There are many important things you will need to know, about both yourself, your parents/legal guardian, and the documents that you will need on hand, in order to complete the FAFSA. Some of the information needed is:

Student Information:

  • Social Security Number (if not US Citizen, don’t worry!)
  • Alien Registration or Permanent Resident Card (if not a U.S. citizen)
  • Driver’s License Number and State (if applicable)
  • If you are married, divorced, separated, or widowed— what month and year?
  • The Tax papers of two years prior to the academic year you are filing FAFSA for. Only applicable if you worked
    • I.E.: FAFSA for the 2017-2018 academic year would require 2015 taxes

Parent Information:

(Who is considered a parent on the FAFSA? https://studentaid.ed.gov/sa/sites/default/files/fafsa-parent.pdf):

  • Mother’s Social Security Number (if not US Citizen, don’t worry– enter 000-00-0000)
  • Mother’s Birth Date (mm/dd/yyyy)
  • Father’s Social Security Number (if not US Citizen, don’t worry– enter 000-00-0000)
  • Father’s Birth Date (mm/dd/yyyy)
  • If parents are married, divorced, separated, or widowed—month and year.
  • The Tax papers of two years prior to the academic year you are filing FAFSA for.
    • I.E.: FAFSA for the 2017-2018 academic year would require 2015 taxes
  • Net worth of parent’s investments, including real estate (not their home)
  • Net worth of parent’s current business or farms (not if you live on it and operate it)
  • As of today, parent’s current balance of cash, savings, and checking
  • Welfare benefits, including TANF for you or parents (no food stamps or subsidized housing)
  • Social Security benefits received but not taxed for you or parents
  • Child support received or paid by you or parents
  • Any other types of monthly income you or your parents receive
  • Parent’s Alien Registration or Permanent Resident Card (if not a U.S. citizen)

 

Additionally, you will need to create an FSA ID for both yourself and one parent/guardian (if he/she is a US Citizen). The FSA ID is how you will electronically sign your FAFSA and you cannot complete the FAFSA until the FSA ID has been created. You can do this at fsaid.ed.gov.  However, if your parent is NOT a US Citizen, you must put 000-00-0000 for the SSN and print a signature page after submitting the FAFSA. Do not let your parent’s documentation status sway you from completing the FAFSA.

 

The FAFSA opens on October 1st and the priority deadline to file FAFSA is March 1st; if you wait until after this deadline you risk not getting as much money possible for school. You can file the FAFSA at fafsa.ed.gov. If you have never filed before you will select “Start A New FAFSA” and you will be prompted to login with your newly created FSA ID and password.

Once you have filed your FAFSA, you need to be on the lookout for two important things

  1. A letter notifying you about FAFSA verification, or
  2. A financial aid award letter from institutions you have been accepted to.

 

Financial Aid Award Letter –

After an institution accepts you, you’ll receive a letter outlining how much the institution costs and what financial support you have received from the federal government, the state, and the institution.
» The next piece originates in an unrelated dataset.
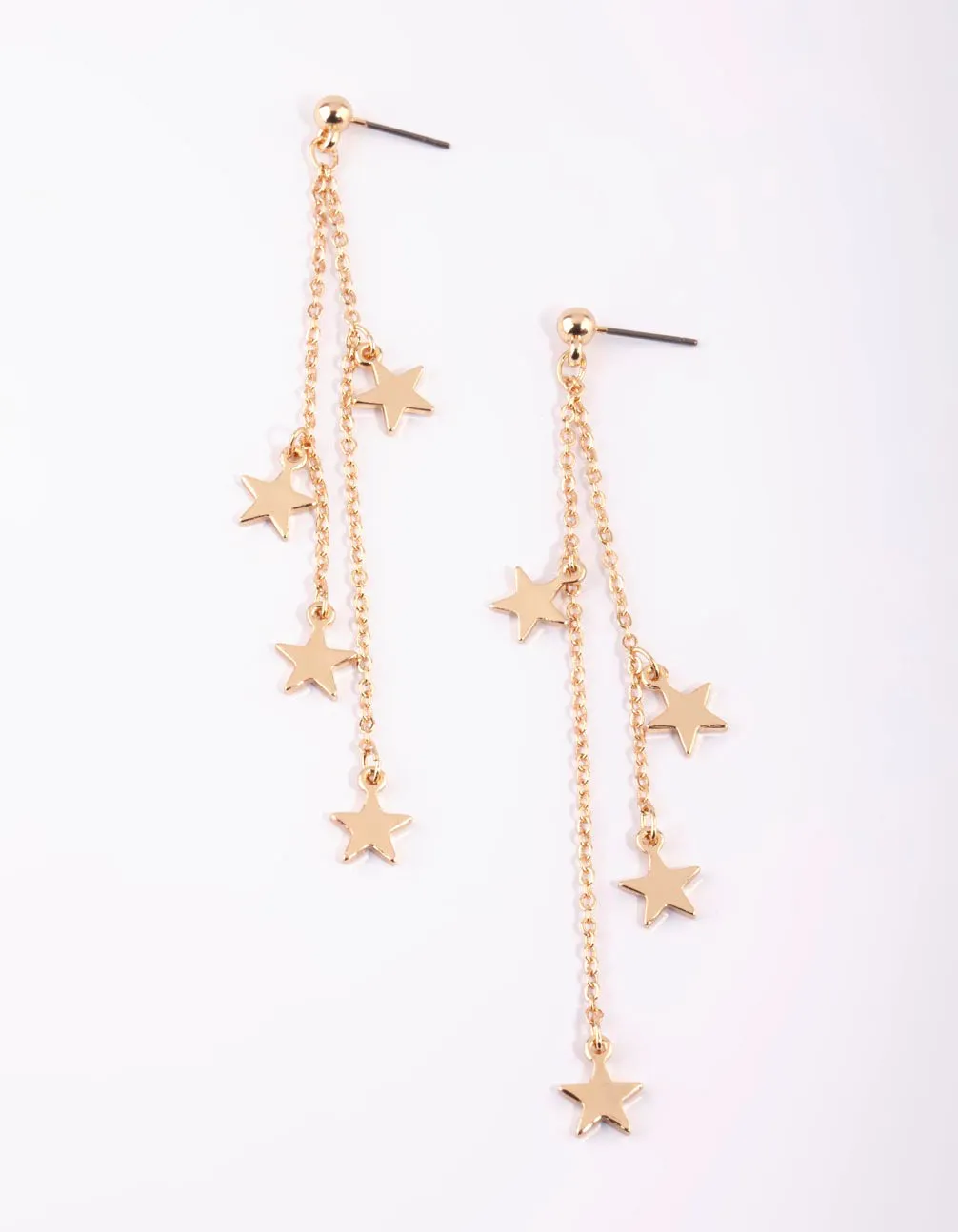 Gold Hanging Stars Drop Earrings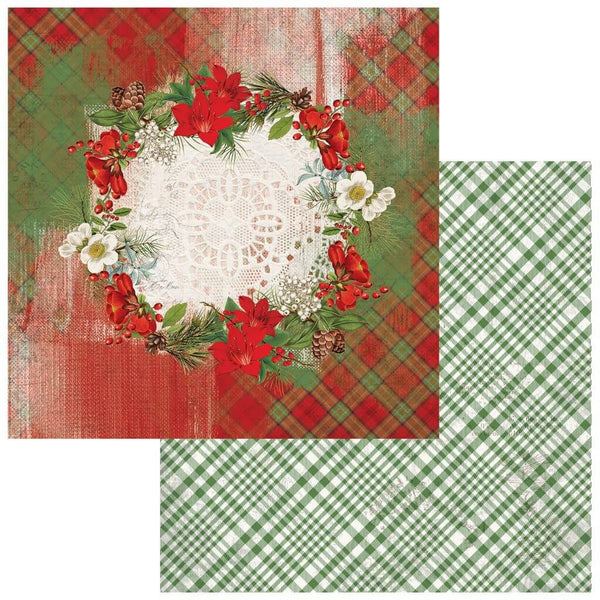 49 And Market, Evergreen Season Double-Sided Cardstock 12"X12", Ceremonious Poinsettias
Once you receive letters from the institutions you are interested in, compare them! Not all financial aid award letters look the same, but they all contain the same general information:

  • Grants: typically need-based aid that does NOT need to be paid back
  • Scholarships: typically merit-based aid that does NOT need to be paid back
  • Work-Study: a work program through the institution in which you earn money to pay for school
  • Federal Student Loans → borrowed money that you must pay back, with interest
    • Subsidized loans: The interest on the loan does not begin until 6 months after graduation
    • Unsubsidized loans: You must pay back the loan plus interest beginning on when you take out the loan (during all semesters)
  • Cost of Attendance (COA): An estimate on what you expected to pay to attend that institution (tuition/fees, room and board, books and supplies, personal expenses)
  • Expected Family Contribution (EFC): An index number that the institutions use to determine financial need
  • How much more money do you need to fill the gap?

 

If you’re selected for verification, do not fret!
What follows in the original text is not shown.